Correcting the correction to the corrections

From Editor & Publisher:

Just days after it ran an editors’ note–under pressure from outside and within–that sort of admitted it had erred in a blast at Fox News’ Gerald Rivera during the Katrina tragedy, The New York Times finally ran a full correction on Sunday, on its editorial page, for a miscue by columnist Paul Krugman, while announcing a new policy on noting errors on that page.

Krugman had three times previously admitted getting wrong part of his Aug. 19 column about media recounts of the 2000 Bush-Gore race, but critics kept claiming that he still hadn’t gotten it quite right.
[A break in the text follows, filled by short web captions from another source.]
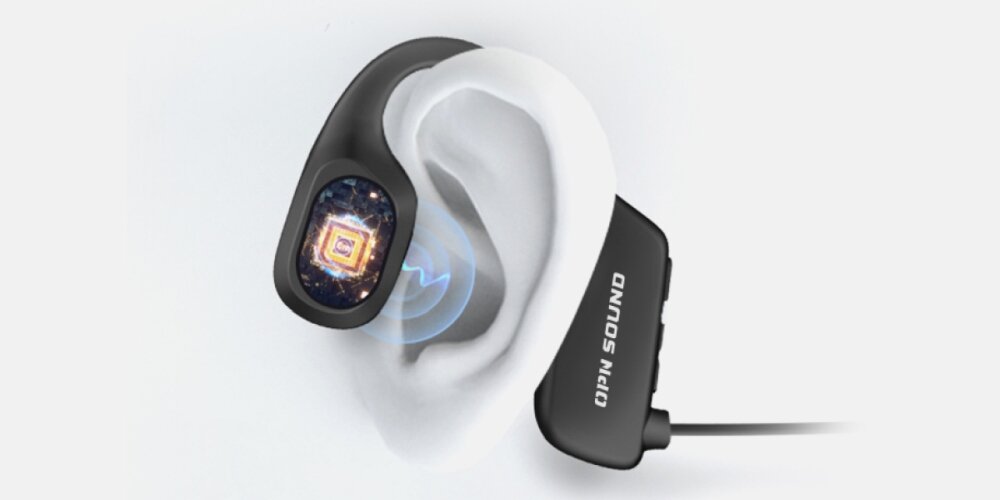 SŁUCHAWKI BLUETOOTH KOSTNE OPN SOUND MEZZO przewodnictwo kostne naturalnosc bezpieczenstwo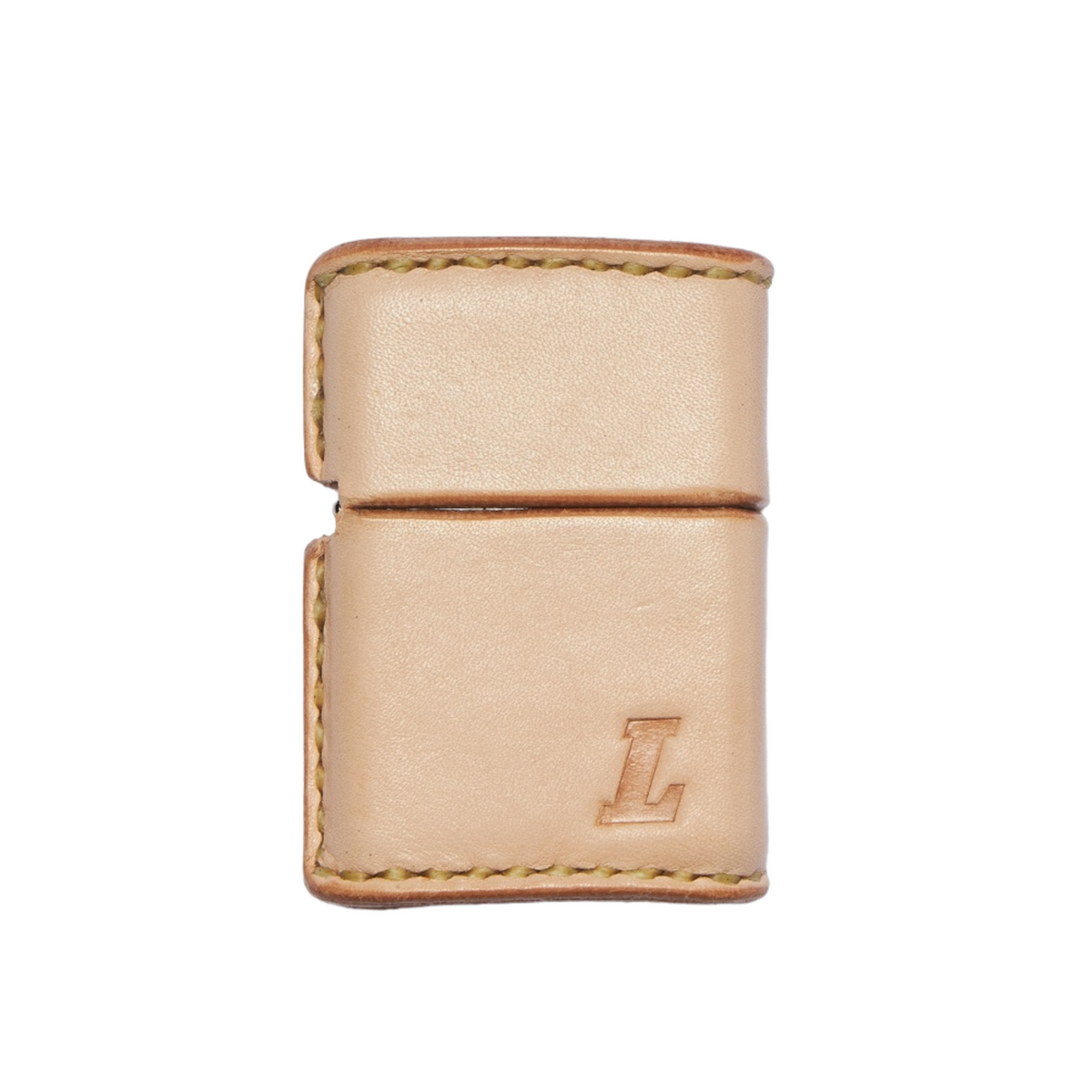 Samurai Craft × Lightning Leather Lover Zippo
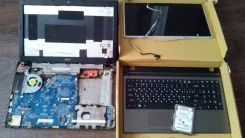 Acer Aspire 5560G. ��� 2048 ��, ���� 320���, WiFi: 1, Bluetooth: 1, ����������� �� 3��. ����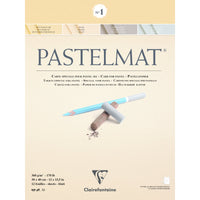 Clairefontaine Pastelmat скицник блок № 1 360 g 12L x 30 cm лепен – 40
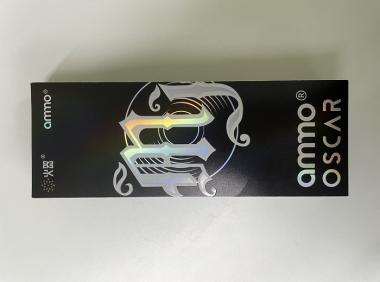 ammo-oscar「黑白之镜」限量款电子烟首发测评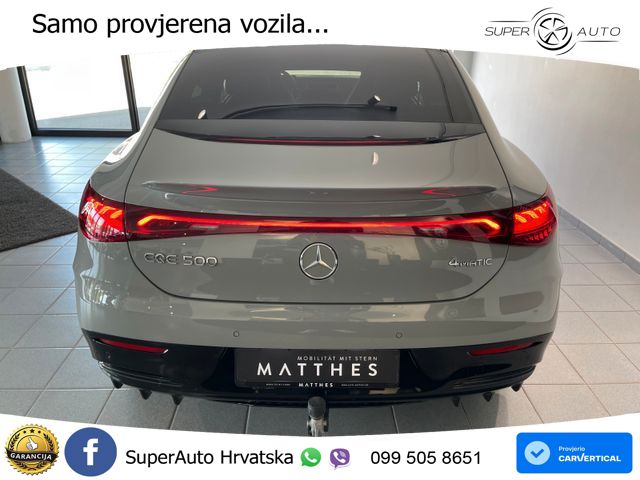 Mercedes EQE 500 100 kWh (408 KS) 4MATIC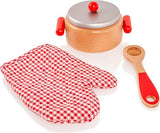 Viga Cooking Tool Set - Red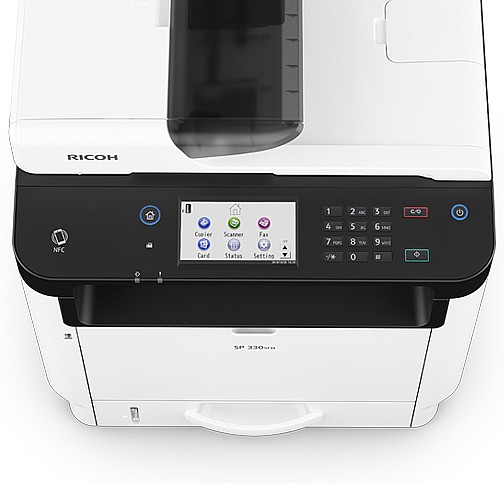 ����� ������ ������� Ricoh SP330SFN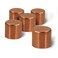 SUPPLYGIANT DUFD01255 Copper Sweat Plug End Cap Pipe Fitting 114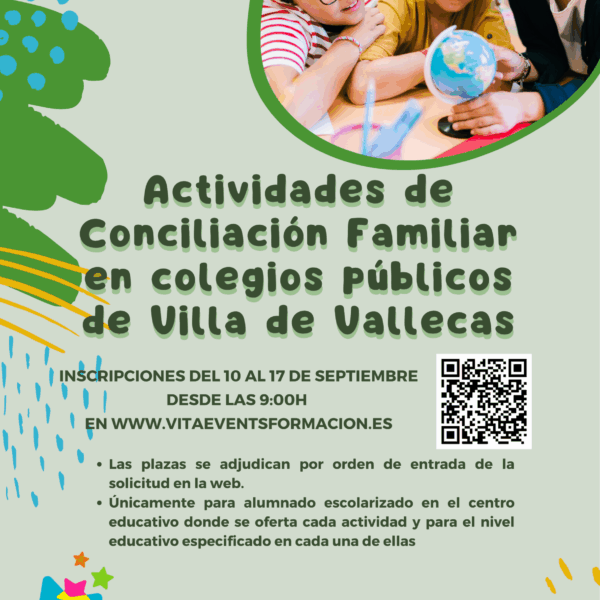 Actividades de Conciliación – Villa de Vallecas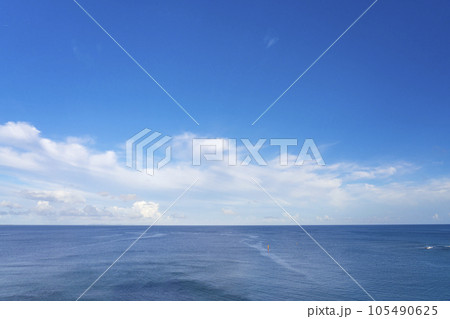 サンセットビーチ 沖縄の海 サンセットビーチ 沖縄の海 105490625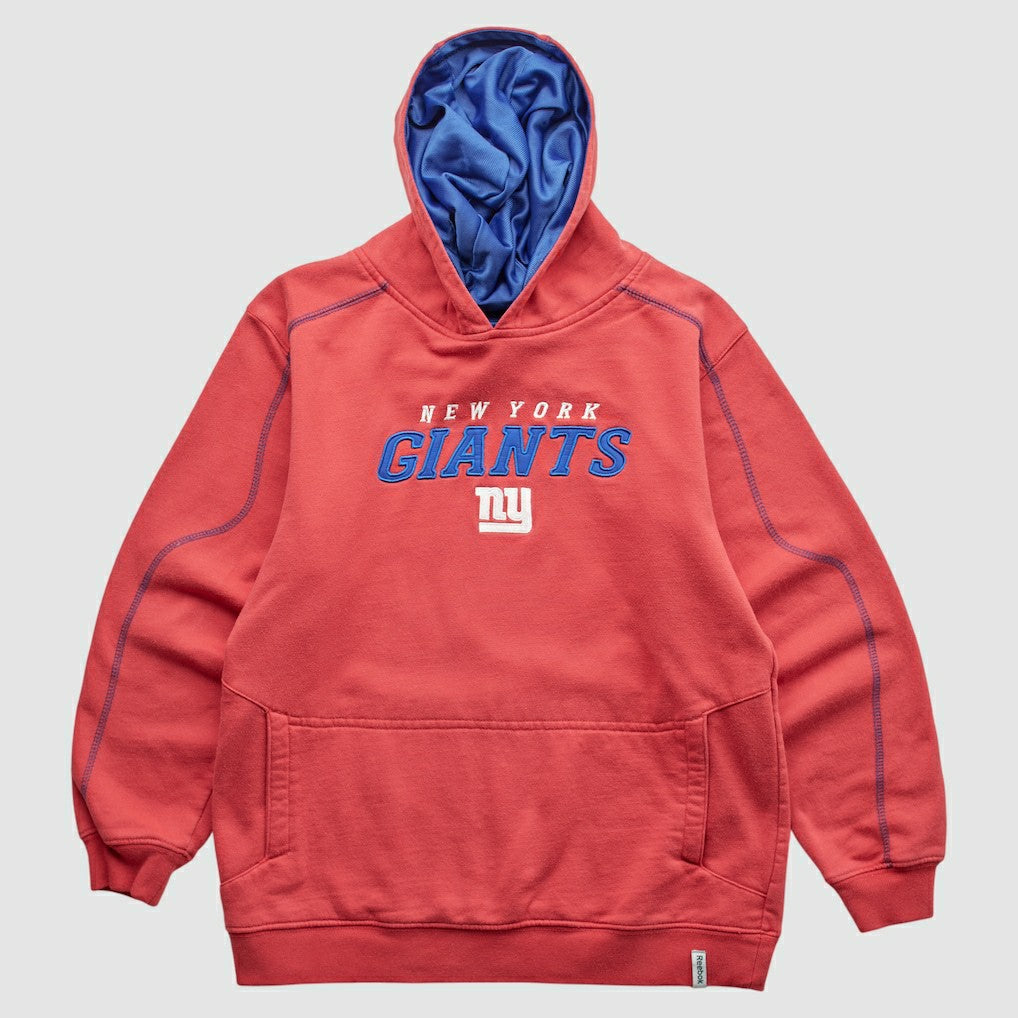 New York Giants 2000s Pullover Sweatshirt Red Vintage | Fanatics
Editorial Page Editor Gail Collins wrote on Sunday that it had turned into a “correction run amok.”

After publishing his third correction on the Web, Krugman asked Collins, she wrote, “if he could refrain from revisiting the subject yet again in print. I agreed, feeling we had reached the point of cruelty to readers. But I was wrong. The correction should have run in the same newspaper where the original error and all its little offspring had appeared.”

One shudders to think how many trees would perish in the service of correcting Paul Krugman’s many errors were any of the New York Times editors to know the first thing about economics. I spotted six notable errors within the first three chapters of one of his books when I was researching the chapter on him for my profitable, but unpublishable Media Whores: Courtesans and Charlatans of the American Commentariat.

Actually, if anyone has an interest in that, I can post a chapter or two here.